> WHAT YOU WILL DO
Reproduce verbatim only the line that holds "120 Вт, 10 А, USB-кабель" and the lines that follow it to the end of the listing.

> GIVEN RECORDS
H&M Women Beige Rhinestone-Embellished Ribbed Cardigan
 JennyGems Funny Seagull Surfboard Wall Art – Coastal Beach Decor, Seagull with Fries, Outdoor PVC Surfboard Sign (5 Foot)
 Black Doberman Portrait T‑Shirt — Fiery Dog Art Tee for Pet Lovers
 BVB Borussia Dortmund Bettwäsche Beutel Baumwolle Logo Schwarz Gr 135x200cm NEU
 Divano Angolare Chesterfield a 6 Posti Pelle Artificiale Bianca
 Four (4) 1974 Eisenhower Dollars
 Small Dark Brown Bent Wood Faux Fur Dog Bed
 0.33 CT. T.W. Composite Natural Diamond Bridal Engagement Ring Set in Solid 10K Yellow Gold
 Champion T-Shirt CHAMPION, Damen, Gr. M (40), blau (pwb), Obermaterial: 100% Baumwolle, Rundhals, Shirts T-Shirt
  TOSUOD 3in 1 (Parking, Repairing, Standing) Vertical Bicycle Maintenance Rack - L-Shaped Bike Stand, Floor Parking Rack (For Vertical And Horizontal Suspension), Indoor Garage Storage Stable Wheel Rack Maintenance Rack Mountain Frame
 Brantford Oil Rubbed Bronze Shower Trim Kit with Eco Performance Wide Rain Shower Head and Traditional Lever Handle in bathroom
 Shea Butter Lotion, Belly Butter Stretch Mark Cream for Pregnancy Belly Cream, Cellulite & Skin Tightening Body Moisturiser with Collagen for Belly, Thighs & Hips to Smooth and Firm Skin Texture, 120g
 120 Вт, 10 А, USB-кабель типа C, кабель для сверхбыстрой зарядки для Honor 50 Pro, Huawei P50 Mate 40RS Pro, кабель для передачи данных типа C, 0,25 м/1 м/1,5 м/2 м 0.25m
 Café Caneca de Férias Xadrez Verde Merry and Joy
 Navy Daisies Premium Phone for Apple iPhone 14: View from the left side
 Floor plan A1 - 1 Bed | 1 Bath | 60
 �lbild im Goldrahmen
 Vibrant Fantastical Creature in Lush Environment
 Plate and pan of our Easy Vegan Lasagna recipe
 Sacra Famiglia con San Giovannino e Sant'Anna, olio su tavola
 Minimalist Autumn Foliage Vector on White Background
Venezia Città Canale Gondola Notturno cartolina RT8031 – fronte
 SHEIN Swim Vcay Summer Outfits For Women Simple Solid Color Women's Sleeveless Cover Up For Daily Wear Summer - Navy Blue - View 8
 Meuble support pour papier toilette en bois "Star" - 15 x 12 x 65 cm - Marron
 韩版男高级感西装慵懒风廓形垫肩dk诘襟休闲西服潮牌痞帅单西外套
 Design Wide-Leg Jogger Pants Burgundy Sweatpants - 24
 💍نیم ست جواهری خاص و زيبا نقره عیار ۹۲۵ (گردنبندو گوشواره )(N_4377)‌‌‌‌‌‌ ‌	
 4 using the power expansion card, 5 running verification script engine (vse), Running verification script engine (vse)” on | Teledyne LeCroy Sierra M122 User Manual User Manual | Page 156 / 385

> THE ANSWER
 120 Вт, 10 А, USB-кабель типа C, кабель для сверхбыстрой зарядки для Honor 50 Pro, Huawei P50 Mate 40RS Pro, кабель для передачи данных типа C, 0,25 м/1 м/1,5 м/2 м 0.25m
 Café Caneca de Férias Xadrez Verde Merry and Joy
 Navy Daisies Premium Phone for Apple iPhone 14: View from the left side
 Floor plan A1 - 1 Bed | 1 Bath | 60
 �lbild im Goldrahmen
 Vibrant Fantastical Creature in Lush Environment
 Plate and pan of our Easy Vegan Lasagna recipe
 Sacra Famiglia con San Giovannino e Sant'Anna, olio su tavola
 Minimalist Autumn Foliage Vector on White Background
Venezia Città Canale Gondola Notturno cartolina RT8031 – fronte
 SHEIN Swim Vcay Summer Outfits For Women Simple Solid Color Women's Sleeveless Cover Up For Daily Wear Summer - Navy Blue - View 8
 Meuble support pour papier toilette en bois "Star" - 15 x 12 x 65 cm - Marron
 韩版男高级感西装慵懒风廓形垫肩dk诘襟休闲西服潮牌痞帅单西外套
 Design Wide-Leg Jogger Pants Burgundy Sweatpants - 24
 💍نیم ست جواهری خاص و زيبا نقره عیار ۹۲۵ (گردنبندو گوشواره )(N_4377)‌‌‌‌‌‌ ‌	
 4 using the power expansion card, 5 running verification script engine (vse), Running verification script engine (vse)” on | Teledyne LeCroy Sierra M122 User Manual User Manual | Page 156 / 385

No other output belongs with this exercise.